> _EXERCISE BRIEF_
Return, word for word, the lines of the listing below from the one with "children, 62% of" through the one with "Parkdale Semi Detached", and no other lines.

> _RECORDS SHOWN_
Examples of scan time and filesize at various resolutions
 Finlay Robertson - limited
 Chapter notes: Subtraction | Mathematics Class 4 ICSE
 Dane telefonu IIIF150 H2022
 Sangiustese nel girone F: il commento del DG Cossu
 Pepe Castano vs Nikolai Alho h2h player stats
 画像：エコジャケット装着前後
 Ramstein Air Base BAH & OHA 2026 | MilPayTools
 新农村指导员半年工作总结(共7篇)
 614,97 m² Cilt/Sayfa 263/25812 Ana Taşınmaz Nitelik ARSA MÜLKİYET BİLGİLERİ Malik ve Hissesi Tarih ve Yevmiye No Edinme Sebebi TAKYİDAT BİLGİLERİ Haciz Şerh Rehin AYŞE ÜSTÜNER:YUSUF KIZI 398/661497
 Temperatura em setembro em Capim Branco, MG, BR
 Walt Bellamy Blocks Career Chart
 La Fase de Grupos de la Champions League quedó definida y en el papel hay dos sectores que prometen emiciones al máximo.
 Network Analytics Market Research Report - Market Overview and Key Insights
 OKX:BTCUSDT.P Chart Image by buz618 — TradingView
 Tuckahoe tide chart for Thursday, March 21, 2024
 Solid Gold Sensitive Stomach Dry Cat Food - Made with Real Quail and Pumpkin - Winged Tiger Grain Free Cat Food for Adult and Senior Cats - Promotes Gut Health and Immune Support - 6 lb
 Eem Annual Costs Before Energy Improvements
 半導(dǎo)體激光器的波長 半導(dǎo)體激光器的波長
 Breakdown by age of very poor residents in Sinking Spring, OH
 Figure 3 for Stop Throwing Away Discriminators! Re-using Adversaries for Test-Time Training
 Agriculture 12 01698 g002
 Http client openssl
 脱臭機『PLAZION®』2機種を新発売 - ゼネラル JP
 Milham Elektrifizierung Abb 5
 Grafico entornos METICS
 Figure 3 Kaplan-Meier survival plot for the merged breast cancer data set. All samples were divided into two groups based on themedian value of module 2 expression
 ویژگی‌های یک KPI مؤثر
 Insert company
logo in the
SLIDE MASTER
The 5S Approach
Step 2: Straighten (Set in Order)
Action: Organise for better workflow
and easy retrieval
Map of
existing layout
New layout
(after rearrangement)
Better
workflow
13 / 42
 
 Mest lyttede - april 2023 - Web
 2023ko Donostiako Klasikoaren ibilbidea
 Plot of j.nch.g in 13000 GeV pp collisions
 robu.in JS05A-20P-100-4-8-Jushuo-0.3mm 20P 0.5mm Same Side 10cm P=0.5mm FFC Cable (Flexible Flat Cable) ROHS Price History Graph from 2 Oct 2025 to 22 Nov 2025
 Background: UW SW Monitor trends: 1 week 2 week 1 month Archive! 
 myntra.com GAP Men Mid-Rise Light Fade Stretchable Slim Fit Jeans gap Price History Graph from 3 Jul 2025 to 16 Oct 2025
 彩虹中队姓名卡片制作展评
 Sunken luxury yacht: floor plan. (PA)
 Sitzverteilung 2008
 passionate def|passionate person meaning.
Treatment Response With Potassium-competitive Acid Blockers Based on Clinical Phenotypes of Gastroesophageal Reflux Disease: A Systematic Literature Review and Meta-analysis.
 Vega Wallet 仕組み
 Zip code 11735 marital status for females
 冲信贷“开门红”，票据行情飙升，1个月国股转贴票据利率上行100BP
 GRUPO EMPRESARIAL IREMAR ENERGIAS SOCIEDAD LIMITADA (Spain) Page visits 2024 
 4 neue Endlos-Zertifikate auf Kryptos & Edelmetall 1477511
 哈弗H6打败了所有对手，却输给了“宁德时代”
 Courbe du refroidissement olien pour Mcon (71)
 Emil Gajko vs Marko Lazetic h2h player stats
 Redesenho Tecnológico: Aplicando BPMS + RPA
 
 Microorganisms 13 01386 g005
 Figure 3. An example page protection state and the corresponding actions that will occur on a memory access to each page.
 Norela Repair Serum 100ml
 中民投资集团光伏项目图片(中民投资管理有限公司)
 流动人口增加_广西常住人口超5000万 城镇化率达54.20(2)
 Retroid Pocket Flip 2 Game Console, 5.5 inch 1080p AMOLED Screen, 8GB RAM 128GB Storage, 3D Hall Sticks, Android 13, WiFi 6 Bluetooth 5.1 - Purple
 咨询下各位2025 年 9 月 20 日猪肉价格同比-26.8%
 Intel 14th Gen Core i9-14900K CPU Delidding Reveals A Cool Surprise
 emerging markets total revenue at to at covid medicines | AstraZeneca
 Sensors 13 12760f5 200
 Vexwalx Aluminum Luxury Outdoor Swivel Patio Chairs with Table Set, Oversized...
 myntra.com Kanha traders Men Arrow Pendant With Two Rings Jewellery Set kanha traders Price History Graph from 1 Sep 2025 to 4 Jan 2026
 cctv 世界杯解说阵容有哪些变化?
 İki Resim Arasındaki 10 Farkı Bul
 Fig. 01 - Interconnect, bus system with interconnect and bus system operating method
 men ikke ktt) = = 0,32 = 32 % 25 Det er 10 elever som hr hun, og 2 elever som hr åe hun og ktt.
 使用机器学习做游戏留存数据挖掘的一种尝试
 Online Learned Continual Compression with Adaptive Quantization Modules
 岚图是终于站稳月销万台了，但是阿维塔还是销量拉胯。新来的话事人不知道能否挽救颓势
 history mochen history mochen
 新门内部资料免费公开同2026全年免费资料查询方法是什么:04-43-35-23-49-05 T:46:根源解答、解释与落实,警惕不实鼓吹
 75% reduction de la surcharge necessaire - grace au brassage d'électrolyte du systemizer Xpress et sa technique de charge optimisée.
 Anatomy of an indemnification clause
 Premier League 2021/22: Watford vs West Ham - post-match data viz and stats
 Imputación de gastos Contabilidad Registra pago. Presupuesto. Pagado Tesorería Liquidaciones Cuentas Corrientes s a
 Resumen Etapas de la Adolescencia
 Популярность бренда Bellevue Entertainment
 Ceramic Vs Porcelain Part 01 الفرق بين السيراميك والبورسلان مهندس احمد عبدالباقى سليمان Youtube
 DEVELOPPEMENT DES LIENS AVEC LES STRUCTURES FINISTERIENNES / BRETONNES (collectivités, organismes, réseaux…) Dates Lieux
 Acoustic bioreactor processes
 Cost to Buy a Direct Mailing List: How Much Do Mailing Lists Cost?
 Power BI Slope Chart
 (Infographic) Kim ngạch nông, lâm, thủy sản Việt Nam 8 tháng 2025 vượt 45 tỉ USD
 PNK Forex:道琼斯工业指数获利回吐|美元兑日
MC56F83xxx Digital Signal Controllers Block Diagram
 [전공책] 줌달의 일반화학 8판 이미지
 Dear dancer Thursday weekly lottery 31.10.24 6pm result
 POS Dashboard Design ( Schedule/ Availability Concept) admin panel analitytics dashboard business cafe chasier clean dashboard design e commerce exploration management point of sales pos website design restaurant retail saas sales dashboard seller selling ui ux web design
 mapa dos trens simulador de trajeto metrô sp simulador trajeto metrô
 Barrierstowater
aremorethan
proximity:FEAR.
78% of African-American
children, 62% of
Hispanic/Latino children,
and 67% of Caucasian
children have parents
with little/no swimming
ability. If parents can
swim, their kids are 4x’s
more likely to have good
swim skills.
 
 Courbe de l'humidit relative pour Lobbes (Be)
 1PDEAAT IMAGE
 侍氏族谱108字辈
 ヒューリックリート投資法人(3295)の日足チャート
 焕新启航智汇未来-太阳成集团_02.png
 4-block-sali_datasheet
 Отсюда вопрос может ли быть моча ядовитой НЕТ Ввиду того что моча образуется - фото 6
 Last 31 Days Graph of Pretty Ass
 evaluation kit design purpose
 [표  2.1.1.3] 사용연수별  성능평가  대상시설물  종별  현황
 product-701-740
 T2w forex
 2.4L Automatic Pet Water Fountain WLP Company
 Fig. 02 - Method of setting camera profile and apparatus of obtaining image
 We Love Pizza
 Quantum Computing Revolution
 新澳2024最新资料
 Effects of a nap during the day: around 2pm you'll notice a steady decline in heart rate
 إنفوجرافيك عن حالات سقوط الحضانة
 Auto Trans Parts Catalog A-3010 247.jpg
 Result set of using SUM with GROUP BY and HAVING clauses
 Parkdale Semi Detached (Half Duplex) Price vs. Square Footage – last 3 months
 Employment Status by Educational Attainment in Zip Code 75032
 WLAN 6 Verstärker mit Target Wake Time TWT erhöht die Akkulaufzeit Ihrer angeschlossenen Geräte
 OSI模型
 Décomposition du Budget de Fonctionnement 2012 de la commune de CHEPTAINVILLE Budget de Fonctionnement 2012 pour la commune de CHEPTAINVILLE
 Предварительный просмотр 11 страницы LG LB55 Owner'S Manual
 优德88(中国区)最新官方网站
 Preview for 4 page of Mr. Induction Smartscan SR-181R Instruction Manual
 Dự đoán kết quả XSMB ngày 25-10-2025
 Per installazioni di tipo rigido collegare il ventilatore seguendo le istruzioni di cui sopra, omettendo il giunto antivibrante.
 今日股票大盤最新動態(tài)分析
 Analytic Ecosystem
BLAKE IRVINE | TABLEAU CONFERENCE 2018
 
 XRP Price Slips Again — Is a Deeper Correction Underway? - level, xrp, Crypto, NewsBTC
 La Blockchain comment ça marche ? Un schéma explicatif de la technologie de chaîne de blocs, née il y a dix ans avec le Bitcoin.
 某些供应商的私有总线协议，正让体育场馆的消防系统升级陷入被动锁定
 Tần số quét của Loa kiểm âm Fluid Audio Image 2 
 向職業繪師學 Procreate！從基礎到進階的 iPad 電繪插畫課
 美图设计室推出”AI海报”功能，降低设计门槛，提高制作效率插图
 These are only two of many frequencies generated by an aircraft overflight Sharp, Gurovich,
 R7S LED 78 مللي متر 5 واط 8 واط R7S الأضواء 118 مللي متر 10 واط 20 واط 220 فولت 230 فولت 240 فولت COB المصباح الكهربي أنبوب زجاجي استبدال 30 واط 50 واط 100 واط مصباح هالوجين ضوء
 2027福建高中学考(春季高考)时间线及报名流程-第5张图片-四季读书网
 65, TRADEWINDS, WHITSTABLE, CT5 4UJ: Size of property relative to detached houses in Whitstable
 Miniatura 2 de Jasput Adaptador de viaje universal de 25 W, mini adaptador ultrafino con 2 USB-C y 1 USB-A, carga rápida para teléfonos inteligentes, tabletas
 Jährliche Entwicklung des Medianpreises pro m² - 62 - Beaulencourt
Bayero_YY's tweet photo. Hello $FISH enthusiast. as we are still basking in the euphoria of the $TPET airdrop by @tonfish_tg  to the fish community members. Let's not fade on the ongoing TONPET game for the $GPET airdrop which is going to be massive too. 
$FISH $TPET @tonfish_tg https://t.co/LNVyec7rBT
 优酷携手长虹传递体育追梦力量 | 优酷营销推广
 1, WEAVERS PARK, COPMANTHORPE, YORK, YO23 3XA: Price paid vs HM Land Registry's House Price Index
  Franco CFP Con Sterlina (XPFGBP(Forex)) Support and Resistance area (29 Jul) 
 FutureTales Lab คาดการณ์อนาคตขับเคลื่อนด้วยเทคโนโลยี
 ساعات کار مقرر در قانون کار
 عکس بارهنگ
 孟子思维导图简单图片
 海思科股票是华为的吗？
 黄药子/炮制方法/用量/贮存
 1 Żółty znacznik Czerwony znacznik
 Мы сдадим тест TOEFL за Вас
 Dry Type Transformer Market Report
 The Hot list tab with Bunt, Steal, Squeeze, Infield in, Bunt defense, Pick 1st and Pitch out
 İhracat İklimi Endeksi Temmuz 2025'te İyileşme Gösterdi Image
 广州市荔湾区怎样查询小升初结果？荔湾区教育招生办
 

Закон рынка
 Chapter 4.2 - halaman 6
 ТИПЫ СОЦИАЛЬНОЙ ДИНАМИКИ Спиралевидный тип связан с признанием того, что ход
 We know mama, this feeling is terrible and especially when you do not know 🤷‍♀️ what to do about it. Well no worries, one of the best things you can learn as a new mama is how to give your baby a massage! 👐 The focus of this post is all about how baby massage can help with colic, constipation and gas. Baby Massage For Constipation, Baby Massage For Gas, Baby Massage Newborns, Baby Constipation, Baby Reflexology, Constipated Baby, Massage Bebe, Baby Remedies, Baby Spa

> _TASK ANSWER_
children, 62% of
Hispanic/Latino children,
and 67% of Caucasian
children have parents
with little/no swimming
ability. If parents can
swim, their kids are 4x’s
more likely to have good
swim skills.
 
 Courbe de l'humidit relative pour Lobbes (Be)
 1PDEAAT IMAGE
 侍氏族谱108字辈
 ヒューリックリート投資法人(3295)の日足チャート
 焕新启航智汇未来-太阳成集团_02.png
 4-block-sali_datasheet
 Отсюда вопрос может ли быть моча ядовитой НЕТ Ввиду того что моча образуется - фото 6
 Last 31 Days Graph of Pretty Ass
 evaluation kit design purpose
 [표  2.1.1.3] 사용연수별  성능평가  대상시설물  종별  현황
 product-701-740
 T2w forex
 2.4L Automatic Pet Water Fountain WLP Company
 Fig. 02 - Method of setting camera profile and apparatus of obtaining image
 We Love Pizza
 Quantum Computing Revolution
 新澳2024最新资料
 Effects of a nap during the day: around 2pm you'll notice a steady decline in heart rate
 إنفوجرافيك عن حالات سقوط الحضانة
 Auto Trans Parts Catalog A-3010 247.jpg
 Result set of using SUM with GROUP BY and HAVING clauses
 Parkdale Semi Detached (Half Duplex) Price vs. Square Footage – last 3 months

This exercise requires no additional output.